Wir hören die Motette unterbrochen von Auslegungen zu den Passagen des Römerbriefes.


Chor
Jesu meine Freude, meines Herzens Weide, Jesu meine Zier. Ach wie lang, ach lange ist dem Herzen bange und verlangt nach dir. Gottes Lamm, mein Bräutigam, außer dir soll mir auf Erden nichts sonst Liebers werden.


Es ist nun nichts Verdammliches an denen,
die in Christo Jesu sind,
die nicht nach dem Fleische wandeln,
sondern nach dem Geist.


Es ist eine knappe Feststellung, fast schon eine Überschrift, dieser erste Vers aus dem 8.Kapitel des Römerbriefes: Wer zu Christus gehört, steht nicht mehr unter dem Verdammungsurteil des Gesetzes.
Paulus fasst das in den vorherigen 7 Kapiteln Gesagte am Anfang des 8.Kapitels nochmals zusammen.
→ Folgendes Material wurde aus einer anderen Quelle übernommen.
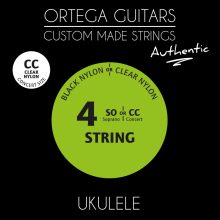 Ortega UKA-CC Koncert Ukulele húr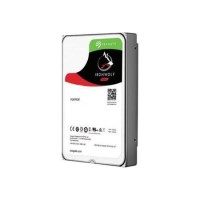 Seagate IronWolf ST10000VN000 - Hard drive - 10 TB - internal - 3.5" - SATA 6Gb/s - 7200 rpm - buffer_ 256 MB - with 3 years Seagate Rescue Data Recovery
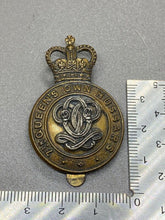 Load image into Gallery viewer, British Army 7th Queen's Own Hussars Regiment Cap Badge - The Militaria Shop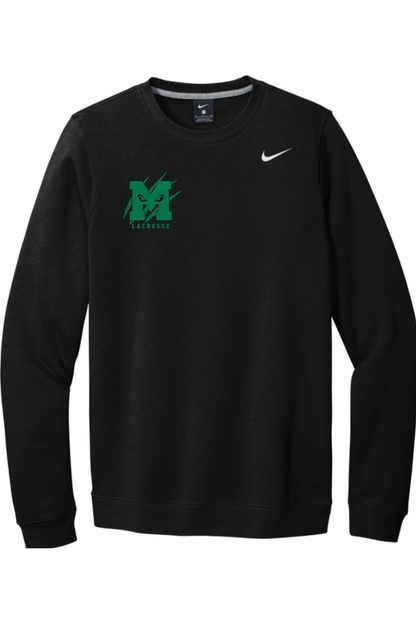 Monsters LC Embroidered Nike Club Fleece Crew
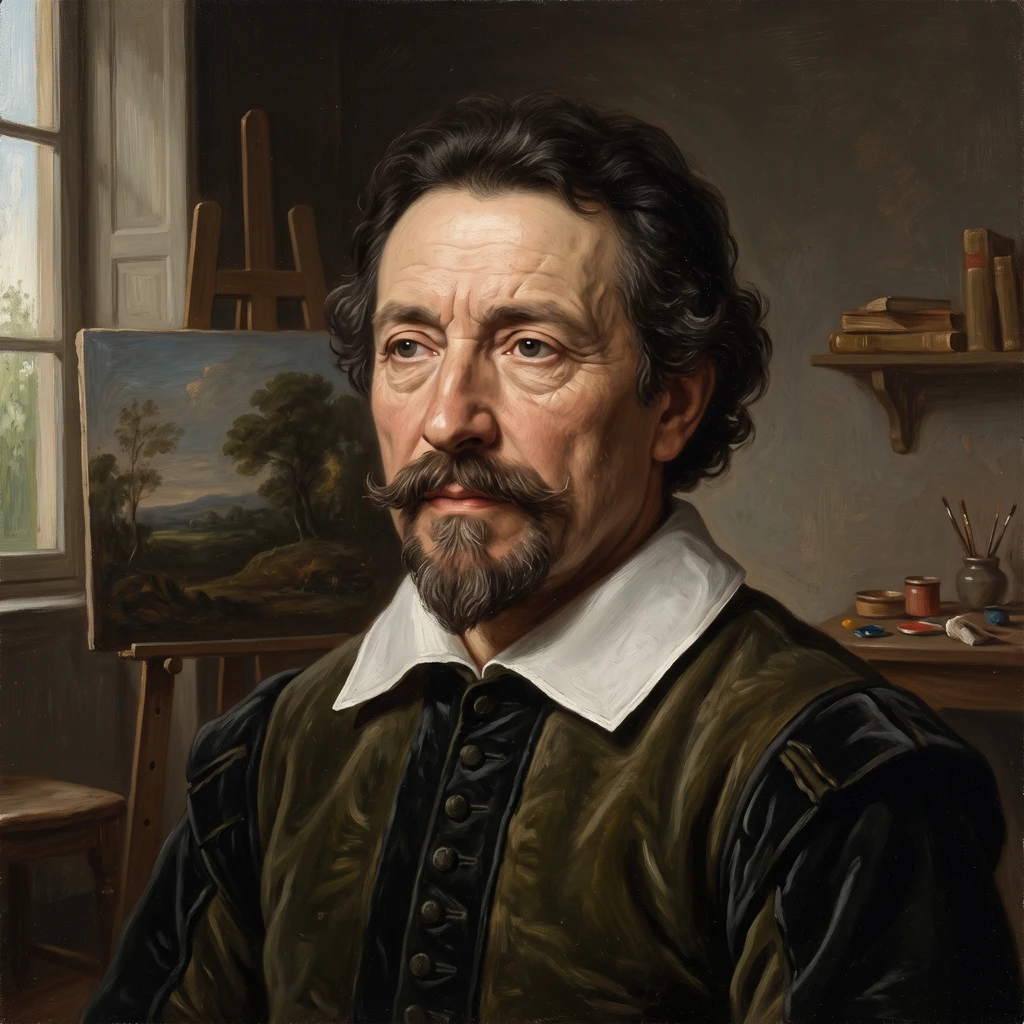Portrait of Pierre Patel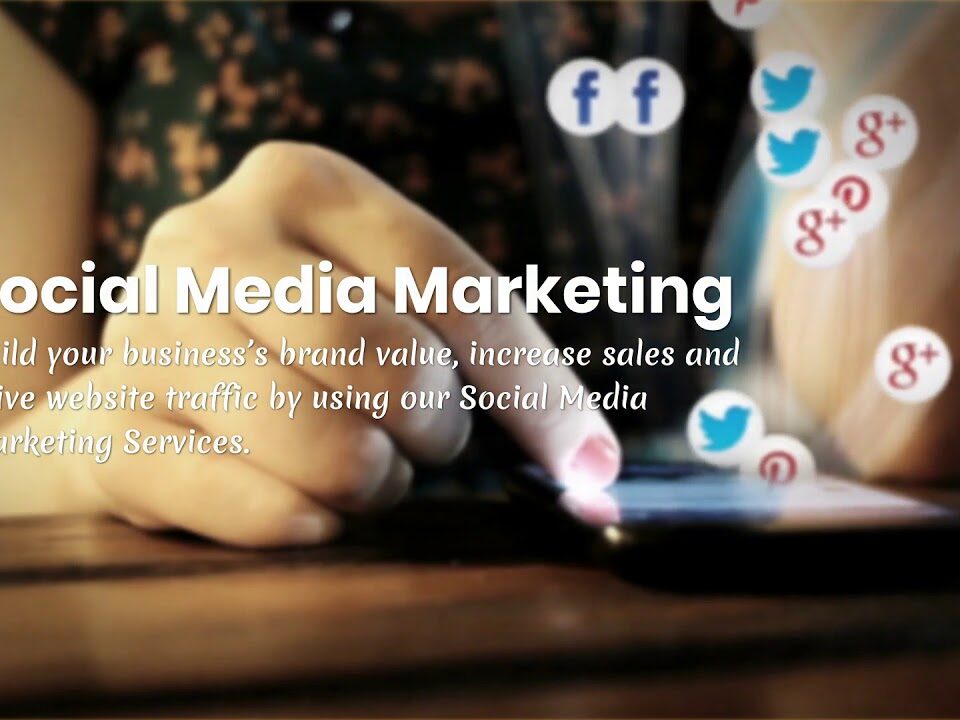 social media web design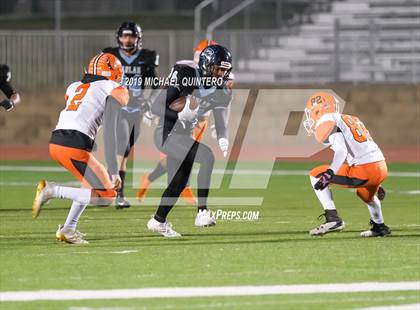 Thumbnail 1 in Burbank @ Harlan (UIL 5A Bi-District Playoff) photogallery.
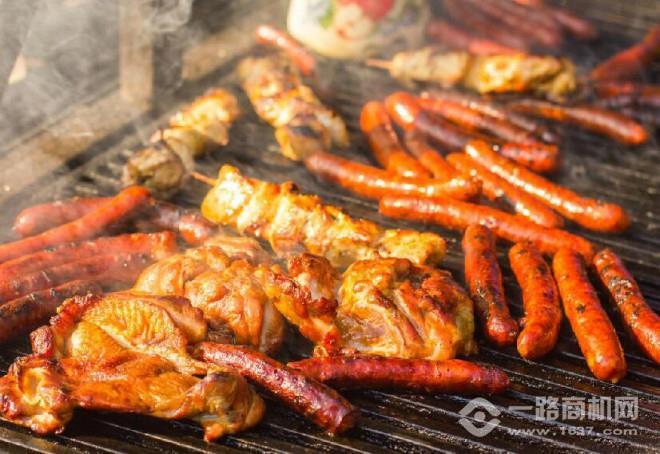 尚可爱纸上烧烤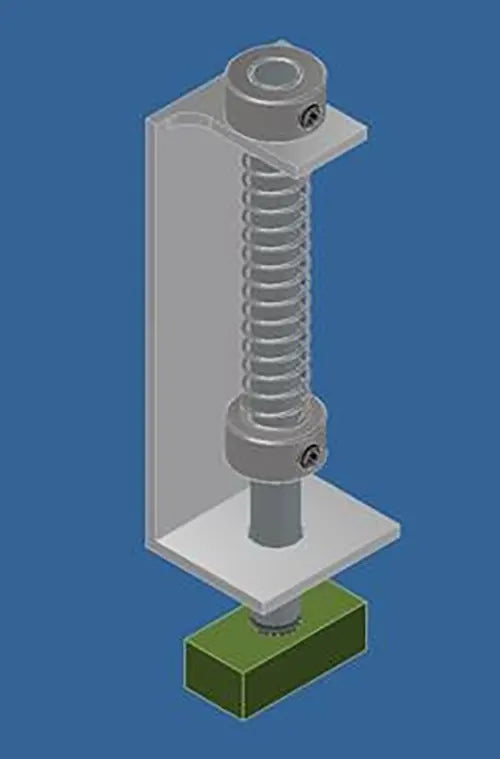Tucker Auto-Mation / Entramatic Spring Block Bottom Guide Assembly ...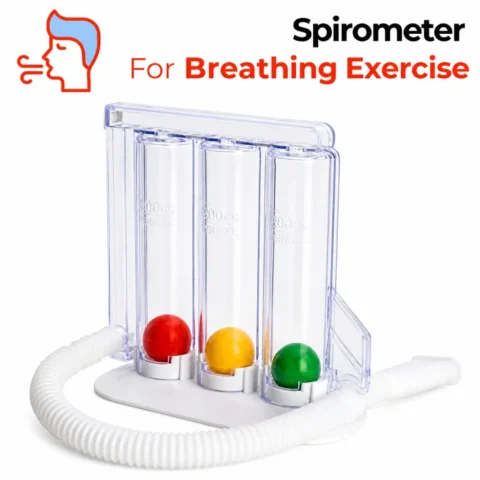 SS POCT 3 ball spirometer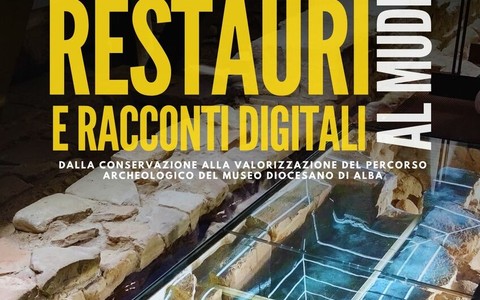 Alba, il MUDI rinnova il percorso archeologico con restauri e installazioni digitali
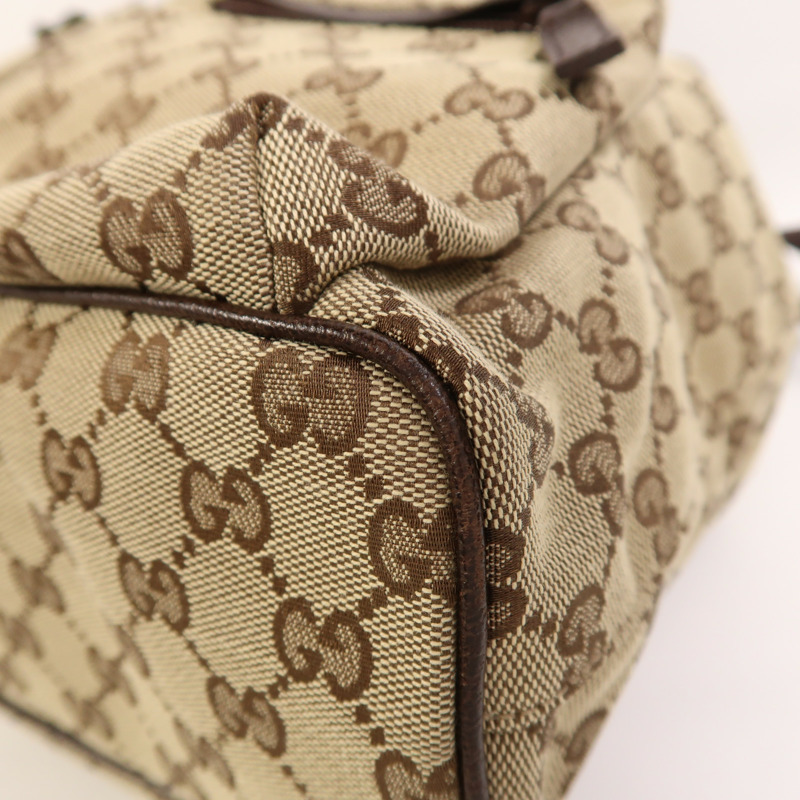 GUCCI 帆布Rucksack背包-9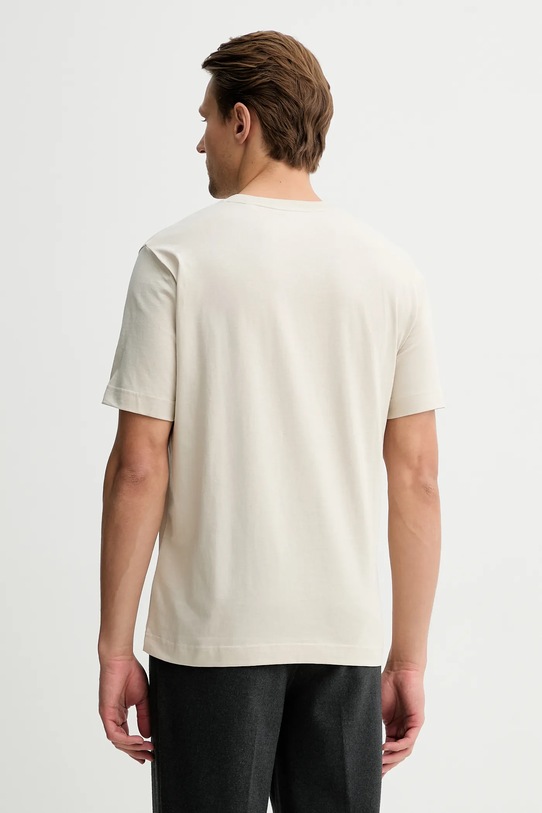 Odzież Marc O'Polo t-shirt bawełniany 5000012685 beżowy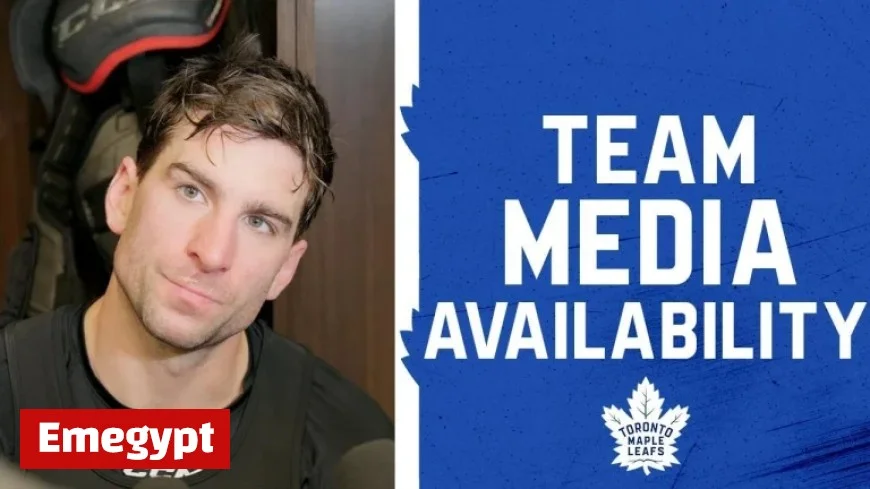 Maple Leafs Pre-Game Media Session Against Washington Capitals December 18 2025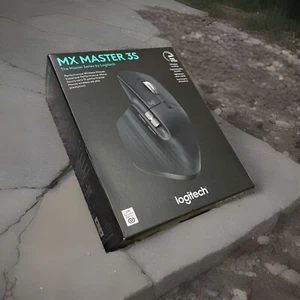 Logitech MX Master 3S Kabellos Maus - Grafit - Bild 1 von 1
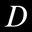 d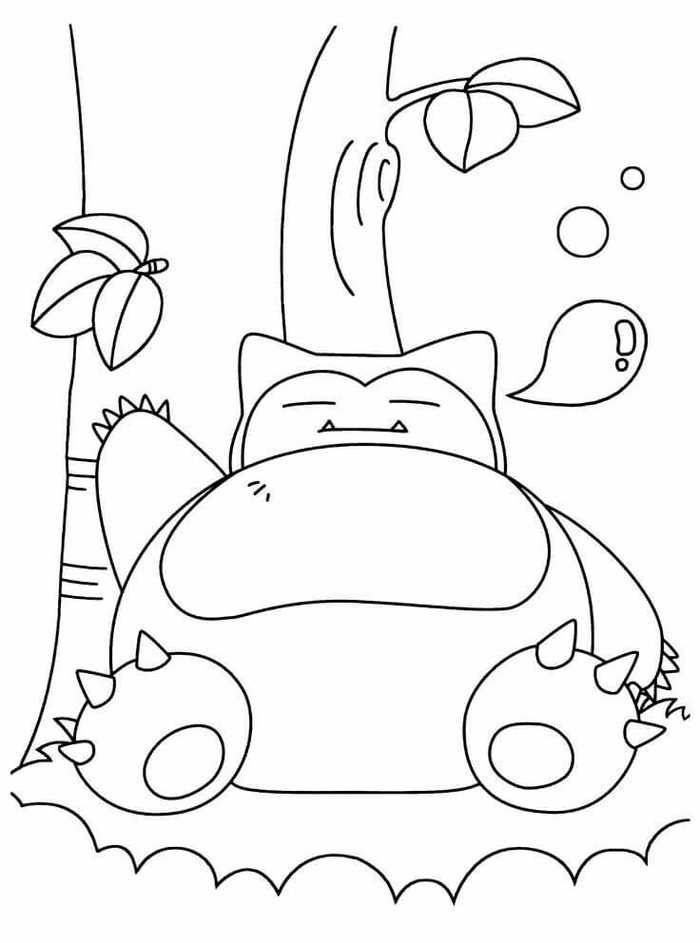 Pokemon snorlax coloring pages coloring pages pokemon snorlax pokemon malvorlagen malvorlagen ausmalbilder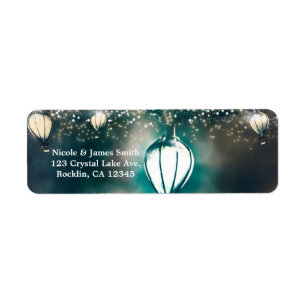 Sommersaitenlichter verzauberte Einladung zur Hoch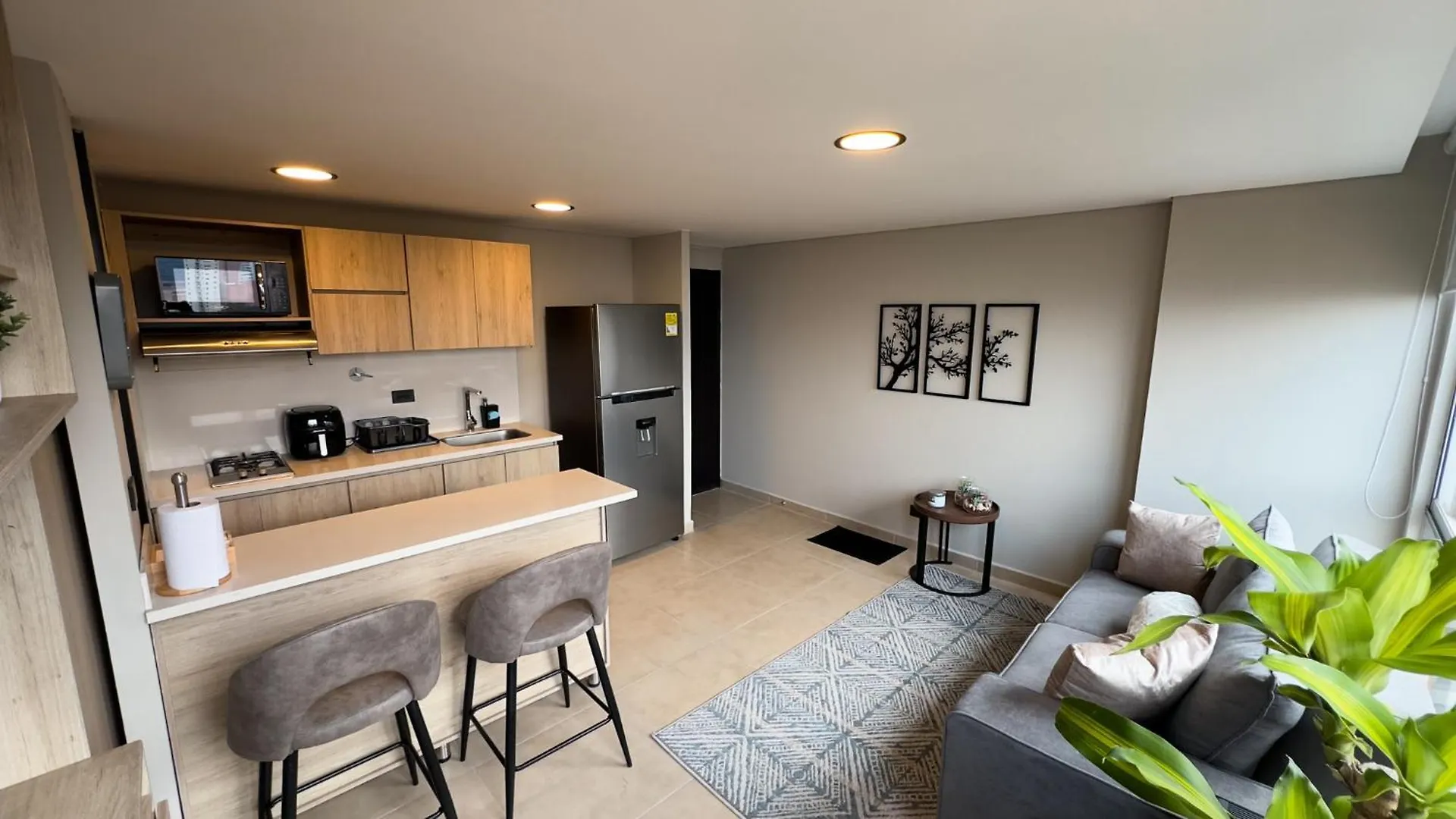 Stylish Apartment Close To Provenza By Hoost Medellín 0*,  Kolombiya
Das macht den Text nicht gerade verständlicher. 3 Kapitel vorher beschreibt Paulus die Überlegenheit des durch Jesus Christus vermittelten Heils über die von Adam ausgehenden Unheilswirkungen: die Überlegenheit der Gnade über die Sünde, die Überlegenheit der Rechtfertigung über die Verurteilung, die Überlegenheit des Lebens über den Tod. Er setzt dabei voraus, dass ein Verdammungsurteil aufgrund der Übertretung Adams über alle Menschen kommt. Wie der Mensch sich auch anstrengt, er schafft es nicht, sich daraus zu befreien, er ist nicht aus sich selbst heraus fähig „nach dem Gesetz“ zu leben.
Martin Luther schlug bei der Frage, wie er aus diesem Kreislauf herauskommt, in seinem Turmzimmer seinen Kopf voller Verzweiflung gegen die Wand. Wie er es auch anstellte, er blieb der Sünder, der der es nicht schaffte, so zu leben, wie Gott es gewollt hatte. Luther entdeckte dann den Zuspruch, der hier zusammenfassend formuliert ist: Als Christ, in Christus erreicht ihn die Gnade Gottes, die ihn aus der Verdammnis heraus hin zur Gerechtigkeit führt, ohne sein Zutun, allein aus dem Glauben.


Chor:
Unter deinem Schirmen bin ich vor den Stürmen aller Feinde frei. Lass den Satan wittern, lass den Feind erbittern, mir steht Jesus bei. Ob es itzt gleich kracht und blitzt, ob gleich Sünd und Hölle schrecken; Jesus will mich decken.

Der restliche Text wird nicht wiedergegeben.